In Moss, You meet Quill, a cute young mouse – “chosen” – who finds himself on an adventure to save the world with you as his best friend. Together, you travel to forgotten realms, solve puzzles, and meet enemies that must be defeated. This is a sitting experience that takes you on a captivating adventure, and it will definitely make you smile.
$ 29.99 – Oculus Rift / Rift S / Quest / WMR / HTC Vive / Index Index
The first step
If you have Oculus Quest and you haven’t tried it The first step however, don’t think of it as a basic tutorial – this is an amazing experience for beginners and VR experts. Start by learning the basics of VR, which anyone using this technology uses, then use virtual weapons to shoot at targets, fly virtual air balloons and dance with adorable robots. This experience is very beautiful.
Free – Oculus Quest
In Bonfire, You play as Space Scout 817, which is on a mission to find a new home for humanity after it has messed up the Earth. You landed on an unknown planet 300 light years from Earth. With an emergency bonfire as your only source of light and a close friend of the robot (voiced by comedian and actress Ali Wong), you come in contact with foreigners and decide how you want to interact with them. This is a funny experience that will help bring a little joy and laughter to your day.
$ 4.99 – Oculus Rift / Rift S / Quest / HTC Vive
Job Simulator is far from the rigors of your daily work. In a world where robots have replaced all human work, go into the “Job Simulator” to go back in time to see what it’s like to “work”. Throw staplers at your boss, learn juggles, fire employees, rip car engines, and more – you’re free to cause chaos!

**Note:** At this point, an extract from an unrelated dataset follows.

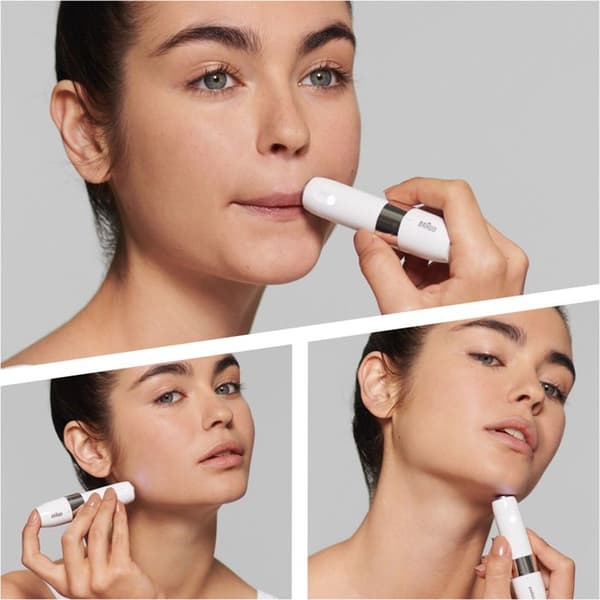 Braun Face Mini FS1000 vit elektrisk ansiktshyvel för kvinnor med Smartlight vit one size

$ 19.99 – Oculus Rift / Rift S / Quest / WMR / HTC Vive / Index Index
If you are looking for something to calm your mind, Bait! is the ideal game for you. You find yourself on Bait! Island, help your boss catch rare fish to save the aquarium that is having trouble where you work. Befriend the locals, catch different fish, and enjoy the beautiful views of four different lakes. Perfect for relaxing at the end of a long day.
Free – Oculus Quest
As Ghost GiantYou are the protector of a lonely little boy named Louis, who needs a helping hand to navigate the obstacles in his life. You discover Louis’s world, meet people, and experience the same touching and heartbreaking narratives. You also break the wall between the protagonist and the player in this game, interacting with the world below you to help solve the problem. This is a heartfelt adventure about friendship and courage, written by internationally recognized authors Sara B. Elfgren. This game will take you on a strong emotional journey and can quickly become your favorite VR game.
$ 22.99 – Oculus Quest
Crow the Legend
In this case star-studded interactive animation experience, follow the adventures of Crow and his forest friends as they struggle to save their home from the dangers of winter. Featuring voice actors from John Legend, Oprah Winfrey, Constance Wu (Crazy Rich Asian), Tye Sheridan (Player Ready One), Diego Luna (Rogue One: A Star Wars Story), and Liza Koshy, this experience has a strong storyline and fantastic animation. You will dance along with the characters at the end of the story!
Free – Oculus Rift / Rift S
Coco VR is a short companion film for the award-winning Pixar film Coconut and represent Pixar’s debut into virtual reality. Choose a single or multiplayer experience and follow the magic alebrijeto the world of Coco, full of lovable characters and stunning visuals from the film. At Coco VR, you will meet the main characters Miguel, Ceci, and Hector, ride a gondola, and become the main star of the Dia de los Muertos celebration! If you like this film, you will be fascinated by this immersive experience.